Northwell Health's research arm studied 35,000 COVID patients for years. Using basic data, it built an AI tool to predict outcomes

Data from basic blood work and other vitals can accurately project a COVID-19 patient’s outcomes. 

So revealed the results of a nearly three-year-long study led by Northwell Health's research arm, Feinstein Institutes for Medical Research, published in Nature Communications this week. The scientists relied on a data set of 35,000 patients from Northwell Health and built an AI tool to help inform front-line staff on a patient’s prognosis and severity of the disease. 
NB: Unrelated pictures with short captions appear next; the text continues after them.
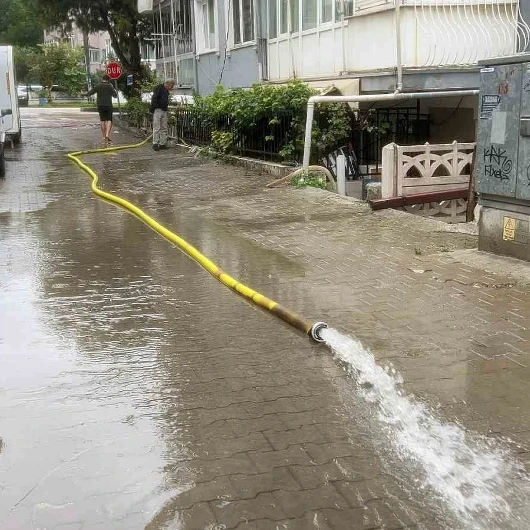 Bursa’da Sağanak Evleri Bastı! 90 Yaşındaki Vatandaş İçin Ekipler Seferber Oldu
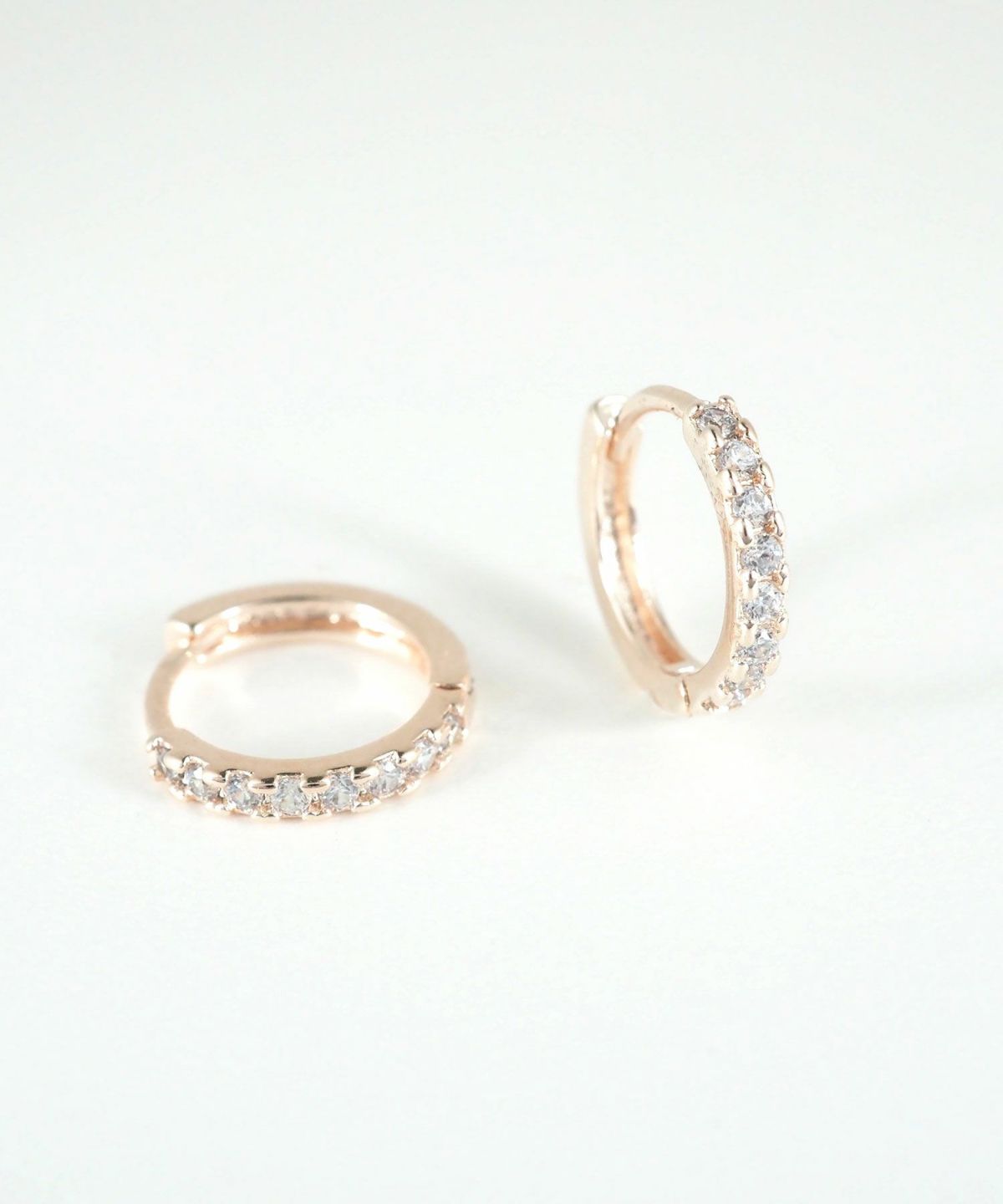 ラインストーンワンタッチピアス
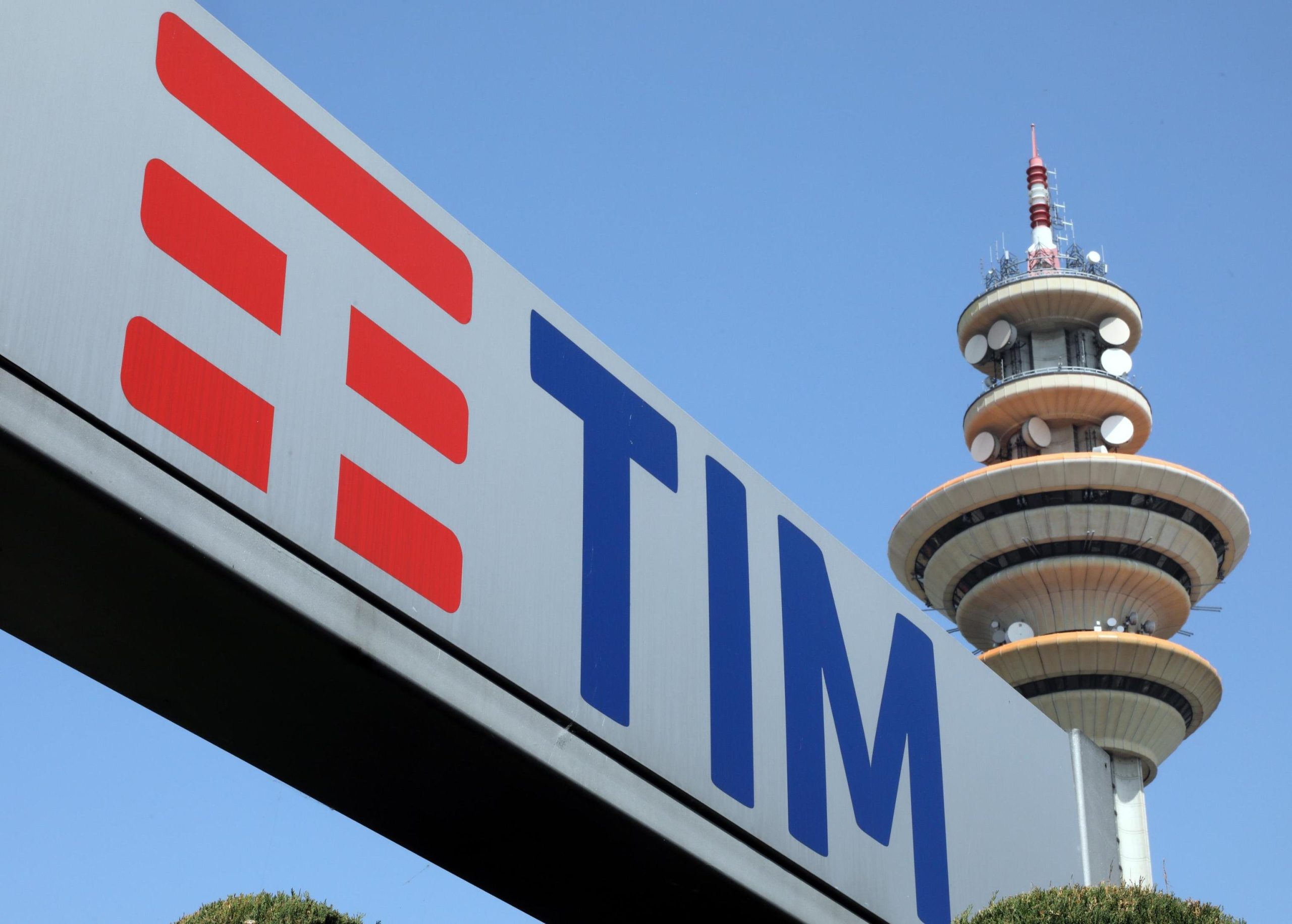 Tim apre le porte a Kkr, ma Vivendi è pronto alla guerra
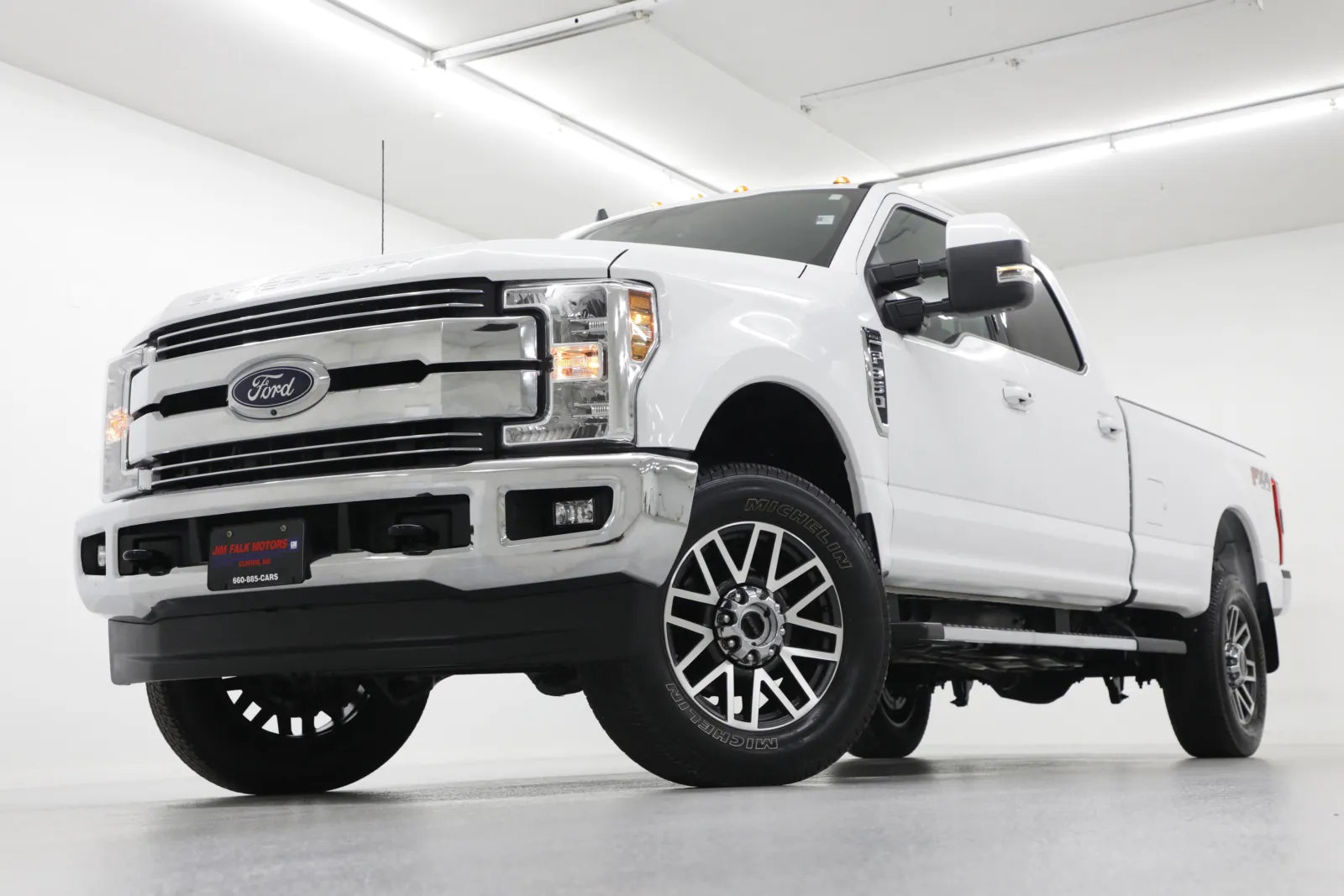 White 2019 Ford Super Duty F-350 SRW LARIAT for sale in Clinton, MO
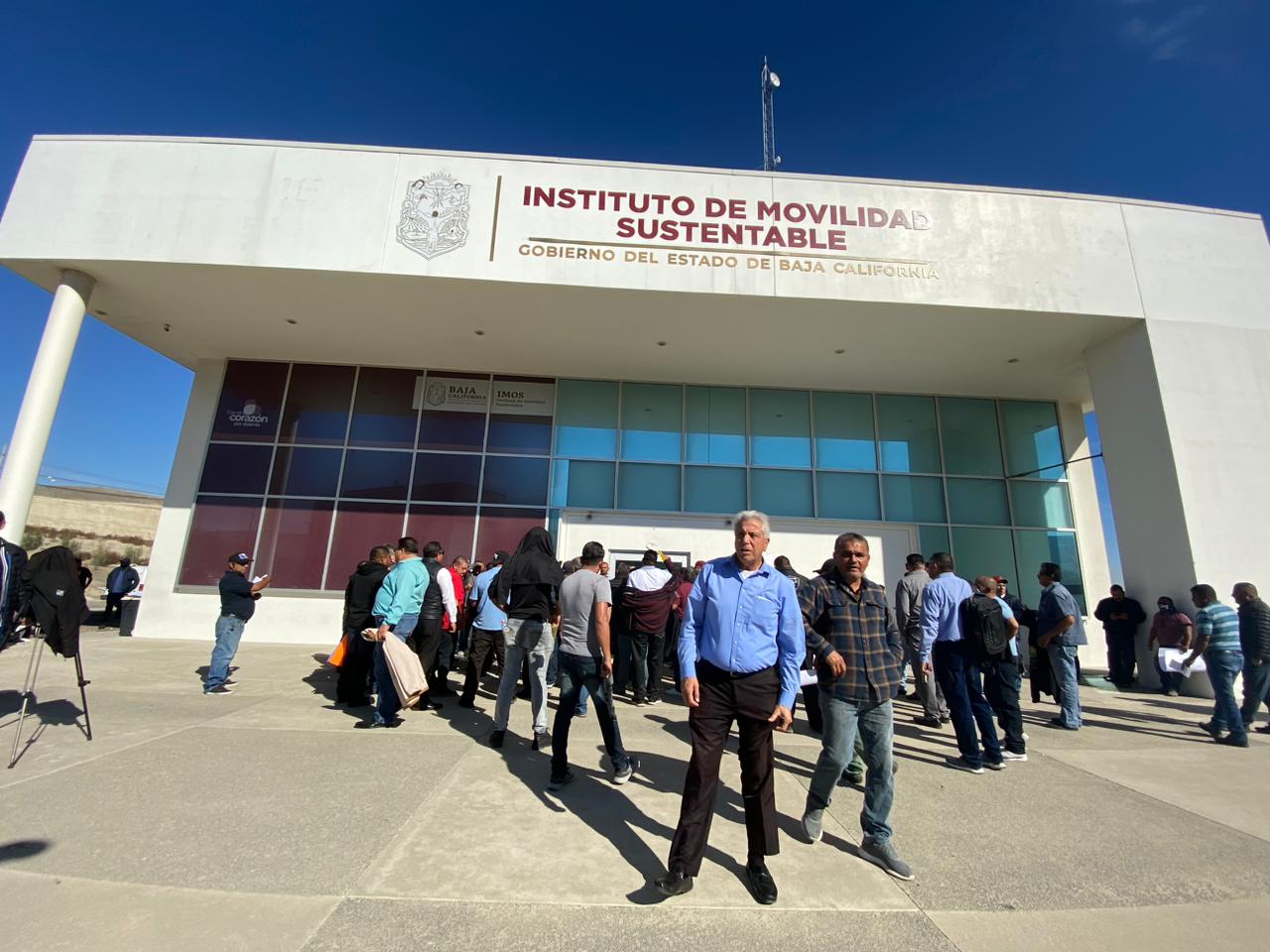 Transportistas de Tijuana protestan por cancelación de permisos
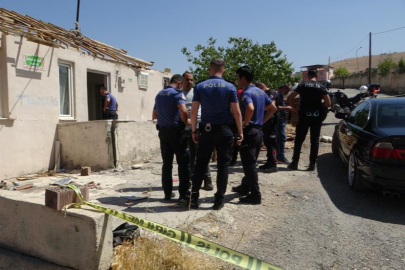 Silahla oynarken arkadaşını vurdu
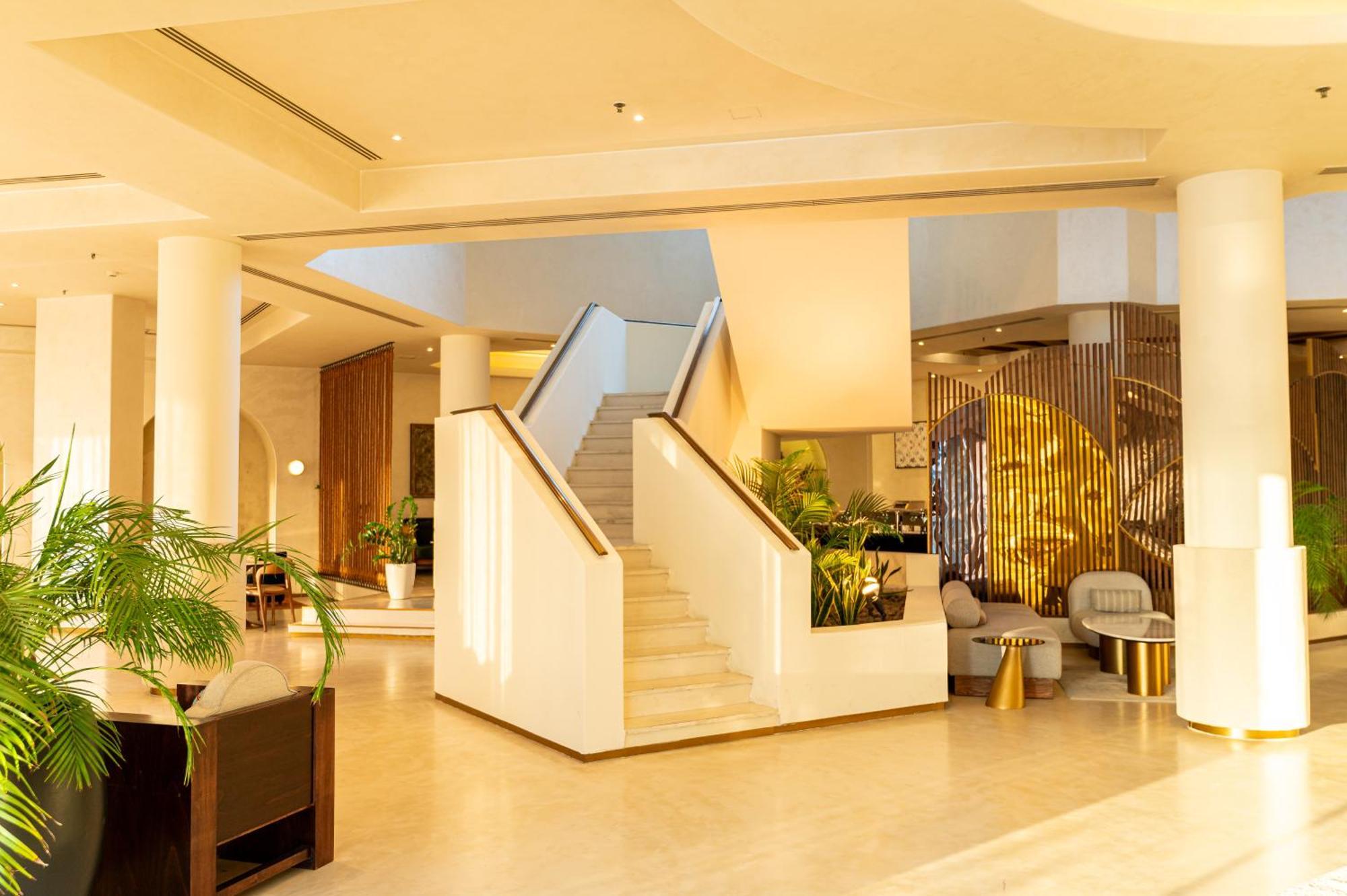Majestic Cove Hotel - Formerly Le Meridien Fairway Dubai Exterior photo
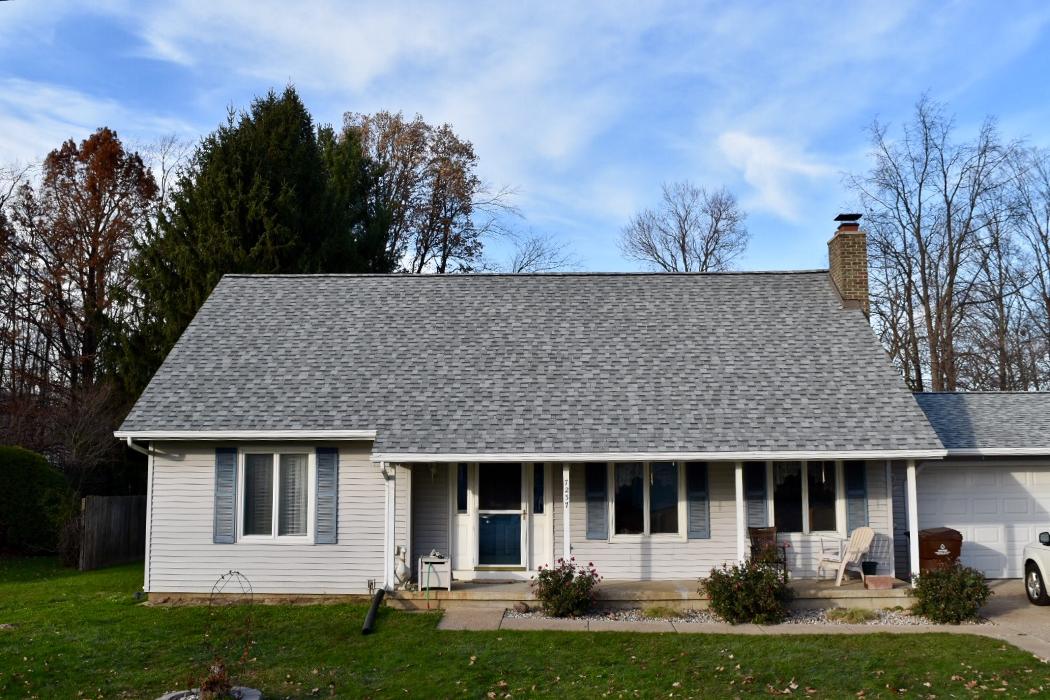 Weather Vane Roofing Image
The research accounted for rapid changes in a patient’s condition and outcomes across different COVID-19 waves and the variants that caused them, along with the introduction of vaccines and other treatments. The five data points that were tracked related to a patient’s condition were: age, serum urea nitrogen, lactate, serum albumin and red cell distribution width. EHR data from inpatients hospitalized across 13 Northwell hospitals between April 2020 and May 2022 were analyzed. 

“COVID-19 was one of the most dynamic diseases we’ve witnessed in modern history and information about how to care for patients was constantly evolving,” Theo Zanos, Ph.D., senior author of the study, said in a press release. “By harnessing data and developing a real-time auto-updating clinical tool, we set out to create a tool that accounts for these developments and helps clinicians make the decisions they need to deliver better care.”

The model was accurate throughout the research period with changing waves and variants and performs equally regardless of race, ethnicity or gender. It can also be applied to other dynamic diseases. 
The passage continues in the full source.